Nothing in the records below may change; print them all exactly.

** Stored items from a collection **
===

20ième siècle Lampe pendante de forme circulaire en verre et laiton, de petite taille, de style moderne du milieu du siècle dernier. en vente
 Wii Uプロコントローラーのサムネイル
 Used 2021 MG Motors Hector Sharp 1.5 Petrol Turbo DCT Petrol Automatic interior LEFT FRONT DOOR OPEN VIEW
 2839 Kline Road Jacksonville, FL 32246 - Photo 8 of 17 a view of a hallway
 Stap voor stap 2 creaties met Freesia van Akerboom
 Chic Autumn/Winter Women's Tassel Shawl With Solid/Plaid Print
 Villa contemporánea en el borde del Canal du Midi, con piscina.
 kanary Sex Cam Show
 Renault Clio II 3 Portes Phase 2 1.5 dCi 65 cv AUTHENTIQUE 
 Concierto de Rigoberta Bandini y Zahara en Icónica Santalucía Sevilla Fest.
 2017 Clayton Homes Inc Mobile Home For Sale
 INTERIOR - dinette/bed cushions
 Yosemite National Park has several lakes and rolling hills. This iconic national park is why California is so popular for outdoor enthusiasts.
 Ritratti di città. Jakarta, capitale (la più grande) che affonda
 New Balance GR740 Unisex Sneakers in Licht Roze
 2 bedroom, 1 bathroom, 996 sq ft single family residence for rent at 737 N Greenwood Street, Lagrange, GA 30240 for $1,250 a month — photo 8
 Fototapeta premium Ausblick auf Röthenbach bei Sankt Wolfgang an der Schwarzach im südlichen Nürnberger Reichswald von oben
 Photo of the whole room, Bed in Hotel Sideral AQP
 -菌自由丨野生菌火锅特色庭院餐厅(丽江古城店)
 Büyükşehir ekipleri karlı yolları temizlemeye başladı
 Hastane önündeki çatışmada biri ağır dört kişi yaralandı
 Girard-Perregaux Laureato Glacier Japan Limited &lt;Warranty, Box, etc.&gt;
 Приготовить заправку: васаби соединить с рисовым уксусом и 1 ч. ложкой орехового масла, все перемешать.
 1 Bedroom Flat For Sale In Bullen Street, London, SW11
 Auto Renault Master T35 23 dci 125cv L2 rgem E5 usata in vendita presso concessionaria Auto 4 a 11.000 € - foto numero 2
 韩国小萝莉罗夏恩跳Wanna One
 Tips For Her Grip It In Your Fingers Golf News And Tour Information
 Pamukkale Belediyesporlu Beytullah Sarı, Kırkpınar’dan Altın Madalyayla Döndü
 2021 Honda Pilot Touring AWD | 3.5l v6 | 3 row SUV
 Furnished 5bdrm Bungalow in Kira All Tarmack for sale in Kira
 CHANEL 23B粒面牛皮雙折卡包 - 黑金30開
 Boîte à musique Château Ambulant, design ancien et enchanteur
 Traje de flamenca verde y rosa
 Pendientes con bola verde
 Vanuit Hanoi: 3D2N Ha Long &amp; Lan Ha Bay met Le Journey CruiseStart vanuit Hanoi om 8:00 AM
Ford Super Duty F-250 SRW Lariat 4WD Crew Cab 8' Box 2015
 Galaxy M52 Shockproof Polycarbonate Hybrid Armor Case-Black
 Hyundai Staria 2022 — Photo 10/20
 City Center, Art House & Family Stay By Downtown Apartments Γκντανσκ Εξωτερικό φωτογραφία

===

** Completed task **
20ième siècle Lampe pendante de forme circulaire en verre et laiton, de petite taille, de style moderne du milieu du siècle dernier. en vente
 Wii Uプロコントローラーのサムネイル
 Used 2021 MG Motors Hector Sharp 1.5 Petrol Turbo DCT Petrol Automatic interior LEFT FRONT DOOR OPEN VIEW
 2839 Kline Road Jacksonville, FL 32246 - Photo 8 of 17 a view of a hallway
 Stap voor stap 2 creaties met Freesia van Akerboom
 Chic Autumn/Winter Women's Tassel Shawl With Solid/Plaid Print
 Villa contemporánea en el borde del Canal du Midi, con piscina.
 kanary Sex Cam Show
 Renault Clio II 3 Portes Phase 2 1.5 dCi 65 cv AUTHENTIQUE 
 Concierto de Rigoberta Bandini y Zahara en Icónica Santalucía Sevilla Fest.
 2017 Clayton Homes Inc Mobile Home For Sale
 INTERIOR - dinette/bed cushions
 Yosemite National Park has several lakes and rolling hills. This iconic national park is why California is so popular for outdoor enthusiasts.
 Ritratti di città. Jakarta, capitale (la più grande) che affonda
 New Balance GR740 Unisex Sneakers in Licht Roze
 2 bedroom, 1 bathroom, 996 sq ft single family residence for rent at 737 N Greenwood Street, Lagrange, GA 30240 for $1,250 a month — photo 8
 Fototapeta premium Ausblick auf Röthenbach bei Sankt Wolfgang an der Schwarzach im südlichen Nürnberger Reichswald von oben
 Photo of the whole room, Bed in Hotel Sideral AQP
 -菌自由丨野生菌火锅特色庭院餐厅(丽江古城店)
 Büyükşehir ekipleri karlı yolları temizlemeye başladı
 Hastane önündeki çatışmada biri ağır dört kişi yaralandı
 Girard-Perregaux Laureato Glacier Japan Limited &lt;Warranty, Box, etc.&gt;
 Приготовить заправку: васаби соединить с рисовым уксусом и 1 ч. ложкой орехового масла, все перемешать.
 1 Bedroom Flat For Sale In Bullen Street, London, SW11
 Auto Renault Master T35 23 dci 125cv L2 rgem E5 usata in vendita presso concessionaria Auto 4 a 11.000 € - foto numero 2
 韩国小萝莉罗夏恩跳Wanna One
 Tips For Her Grip It In Your Fingers Golf News And Tour Information
 Pamukkale Belediyesporlu Beytullah Sarı, Kırkpınar’dan Altın Madalyayla Döndü
 2021 Honda Pilot Touring AWD | 3.5l v6 | 3 row SUV
 Furnished 5bdrm Bungalow in Kira All Tarmack for sale in Kira
 CHANEL 23B粒面牛皮雙折卡包 - 黑金30開
 Boîte à musique Château Ambulant, design ancien et enchanteur
 Traje de flamenca verde y rosa
 Pendientes con bola verde
 Vanuit Hanoi: 3D2N Ha Long &amp; Lan Ha Bay met Le Journey CruiseStart vanuit Hanoi om 8:00 AM
Ford Super Duty F-250 SRW Lariat 4WD Crew Cab 8' Box 2015
 Galaxy M52 Shockproof Polycarbonate Hybrid Armor Case-Black
 Hyundai Staria 2022 — Photo 10/20
 City Center, Art House & Family Stay By Downtown Apartments Γκντανσκ Εξωτερικό φωτογραφία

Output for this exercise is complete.